A Satellite Era Post, Cuz I'm Not Made of Stone

JUSTICE LEAGUE OF AMERICA #218, DC Comics, September 1983
Justice League of America, in the early 80s, was a real bastion of trad superhero comics. Straightforward stories with straightforward art. Doesn't it make it bad! In fact, reading this issue now, I was reminded of the Justice League cartoon, and that's never a bad thing. Heck, this is just a "treading water before Justice League Detroit makes its appearance", and the current "Satellite Era" has nothing on this.

The issue starts out aboard the JLA satellite where Hawkman and Elongated Man are letting their hair down and playing some kind of 3D ship fighting game on the computer. When Wonder Woman arrives to relieve them from monitor duty, that's just Ralph's cue to... SHOOT HER IN THE ASS!
That's what I call a fun-loving League. Sexual harassment was only a glint in some lawyer's eye back in 1983.

Anyway, the plot centers around that crazy android inventor, Professor Ivo, using robots to grab physically fit people from across the globe. Unfortunately for him, one of the people picked up is the Black Canary. Well, it's not like the JLA is gonna take that sitting down. I love it when Wonder Woman gets first blood:
But then she gets shot in the face (she's gonna ache at both ends tomorrow). Still, the trail of clues leads Elongated Man to guess that the Metropolis marathon might be a major target for these androids. (And it will be - straightforward, remember?)
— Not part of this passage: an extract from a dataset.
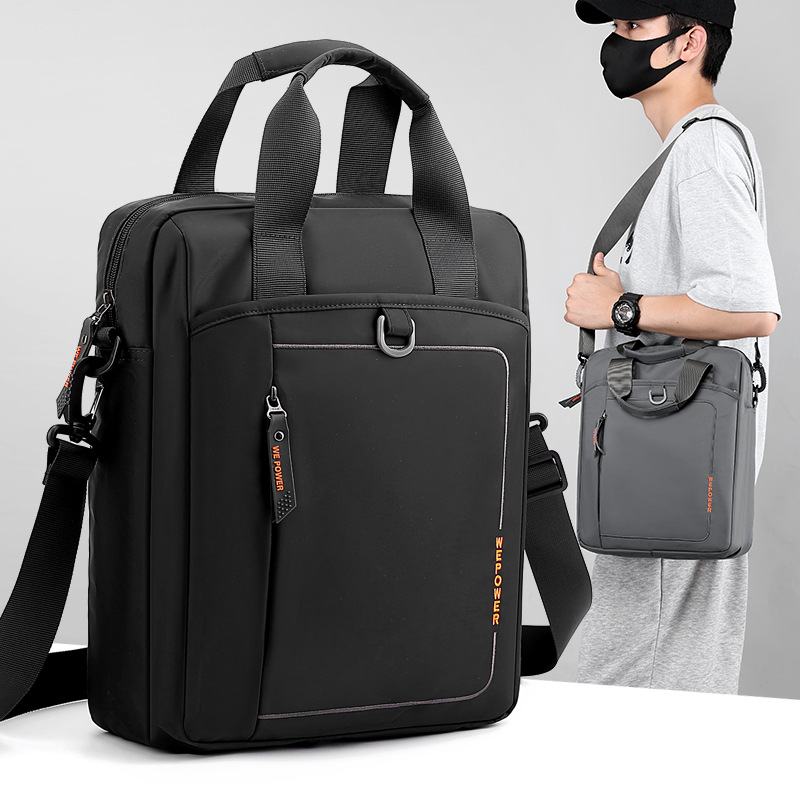 Cross-border New Men's Shoulder Bag Casual Business Portable Men's Bag Fashionable Simple Men's Crossbody Bag Official Document Computer Bag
Meanwhile, Black Canary learns about Ivo's scheme. He plans to use physically fit people's DNA to rejuvenate himself. See, his immortality serum has developed... complications:
Yow! That's something even botox can't fix! The androids do attack the marathon, but the heroes head them off at the pass. One punch from Superman rips one of these dudes in half, but they're very lucky with their headshots and take him down (see, told you it was like the Justice League cartoon). After they take out Green Arrow's bow, what is the guy to do? Well, how about some teamwork from another lesser light in the team?
Love it when underrated heroes get their licks in! Speaking of which, Hawkman has in the meantime traced the androids transmissions to Ivo's base, so he goes there with Wonder Woman and Aquaman. Bam! As soon as they arrive, they're downed by a trio of androids, but Wonder Woman isn't knocked out. That's just about where she decides to kick some ass with the only maneuver that has ever made me find her invisible plane cool:
Then she deviates a laser beam into an android's face and throws Aquaman towards the water before taking another shot in the noggin. The water'll wake him Aquaman up and then he'll use a pretty funny maneuver himself. He calls some turtles over, has them carry a downed android into the ocean, jumps for it and dresses up in the android's costume. Good thing Ivo didn't make these guys to look like Johnny 5 from Short Circuit! Using this subterfuge, he gets into their control center and smashes everything. The androids are out for the count.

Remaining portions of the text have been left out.